A single number is required: how many lines of the listing below include the word "Store".
——————————
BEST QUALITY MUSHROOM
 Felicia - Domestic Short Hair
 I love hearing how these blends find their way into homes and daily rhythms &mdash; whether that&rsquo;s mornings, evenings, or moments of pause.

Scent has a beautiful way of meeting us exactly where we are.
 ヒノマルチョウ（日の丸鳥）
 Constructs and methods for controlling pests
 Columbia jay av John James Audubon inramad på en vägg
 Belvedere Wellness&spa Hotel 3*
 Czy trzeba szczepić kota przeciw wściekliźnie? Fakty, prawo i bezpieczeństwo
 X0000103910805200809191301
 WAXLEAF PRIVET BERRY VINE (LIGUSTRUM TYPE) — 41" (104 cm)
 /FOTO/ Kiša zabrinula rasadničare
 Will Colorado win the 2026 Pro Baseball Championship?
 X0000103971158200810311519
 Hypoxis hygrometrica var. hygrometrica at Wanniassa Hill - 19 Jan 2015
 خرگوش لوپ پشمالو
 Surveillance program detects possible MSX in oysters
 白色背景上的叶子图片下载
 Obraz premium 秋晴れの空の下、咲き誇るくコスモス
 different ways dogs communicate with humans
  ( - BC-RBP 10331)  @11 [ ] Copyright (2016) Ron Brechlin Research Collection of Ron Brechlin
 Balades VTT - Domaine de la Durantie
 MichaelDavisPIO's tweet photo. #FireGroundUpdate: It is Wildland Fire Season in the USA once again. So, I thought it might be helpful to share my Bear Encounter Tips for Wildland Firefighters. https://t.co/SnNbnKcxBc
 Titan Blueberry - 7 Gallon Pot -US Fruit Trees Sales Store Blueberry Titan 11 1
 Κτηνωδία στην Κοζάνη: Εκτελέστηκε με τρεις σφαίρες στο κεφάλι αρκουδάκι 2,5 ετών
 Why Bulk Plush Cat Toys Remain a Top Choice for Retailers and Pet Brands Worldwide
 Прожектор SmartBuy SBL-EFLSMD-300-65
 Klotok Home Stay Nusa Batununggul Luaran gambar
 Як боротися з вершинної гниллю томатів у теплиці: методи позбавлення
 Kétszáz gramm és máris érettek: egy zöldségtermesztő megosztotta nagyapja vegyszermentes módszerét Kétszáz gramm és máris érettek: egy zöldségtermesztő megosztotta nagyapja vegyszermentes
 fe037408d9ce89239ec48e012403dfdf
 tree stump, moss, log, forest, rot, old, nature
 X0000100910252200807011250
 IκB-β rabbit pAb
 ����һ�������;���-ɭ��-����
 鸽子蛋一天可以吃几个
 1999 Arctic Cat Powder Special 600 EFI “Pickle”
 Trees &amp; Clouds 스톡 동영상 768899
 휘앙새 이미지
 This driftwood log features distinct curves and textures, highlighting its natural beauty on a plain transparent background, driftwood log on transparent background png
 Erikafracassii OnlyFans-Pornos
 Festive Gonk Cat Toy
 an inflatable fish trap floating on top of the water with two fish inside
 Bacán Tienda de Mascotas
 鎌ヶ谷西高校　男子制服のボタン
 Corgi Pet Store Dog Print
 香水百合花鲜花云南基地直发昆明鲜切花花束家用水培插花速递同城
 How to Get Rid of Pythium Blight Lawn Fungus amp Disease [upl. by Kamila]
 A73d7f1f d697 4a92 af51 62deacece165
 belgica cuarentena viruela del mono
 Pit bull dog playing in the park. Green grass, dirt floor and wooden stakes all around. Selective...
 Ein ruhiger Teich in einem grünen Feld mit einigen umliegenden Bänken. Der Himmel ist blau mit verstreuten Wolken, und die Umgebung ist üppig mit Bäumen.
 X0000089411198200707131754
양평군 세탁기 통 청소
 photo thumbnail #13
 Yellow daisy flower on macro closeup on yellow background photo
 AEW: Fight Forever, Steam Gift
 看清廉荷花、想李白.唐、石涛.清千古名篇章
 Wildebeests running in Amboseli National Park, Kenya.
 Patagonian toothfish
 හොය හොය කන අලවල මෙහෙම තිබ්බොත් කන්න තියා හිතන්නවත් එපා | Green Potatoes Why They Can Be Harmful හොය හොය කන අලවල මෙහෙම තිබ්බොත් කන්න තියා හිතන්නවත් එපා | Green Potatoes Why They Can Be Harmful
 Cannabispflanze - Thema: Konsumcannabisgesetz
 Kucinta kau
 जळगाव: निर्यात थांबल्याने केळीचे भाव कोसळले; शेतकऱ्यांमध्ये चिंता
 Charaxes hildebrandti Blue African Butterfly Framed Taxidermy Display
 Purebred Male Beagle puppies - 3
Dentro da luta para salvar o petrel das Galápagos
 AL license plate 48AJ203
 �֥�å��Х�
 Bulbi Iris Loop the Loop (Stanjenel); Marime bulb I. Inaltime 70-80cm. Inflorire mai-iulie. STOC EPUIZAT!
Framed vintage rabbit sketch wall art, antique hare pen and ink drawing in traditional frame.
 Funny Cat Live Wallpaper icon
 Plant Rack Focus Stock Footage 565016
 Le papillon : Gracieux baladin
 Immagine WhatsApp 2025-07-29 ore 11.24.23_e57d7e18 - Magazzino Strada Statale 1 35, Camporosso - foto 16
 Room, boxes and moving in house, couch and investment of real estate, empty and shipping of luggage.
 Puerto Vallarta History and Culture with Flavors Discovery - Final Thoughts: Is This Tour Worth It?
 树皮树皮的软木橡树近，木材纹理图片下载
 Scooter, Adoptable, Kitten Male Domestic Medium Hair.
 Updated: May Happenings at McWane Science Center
——————————
**Solution for this problem:** 2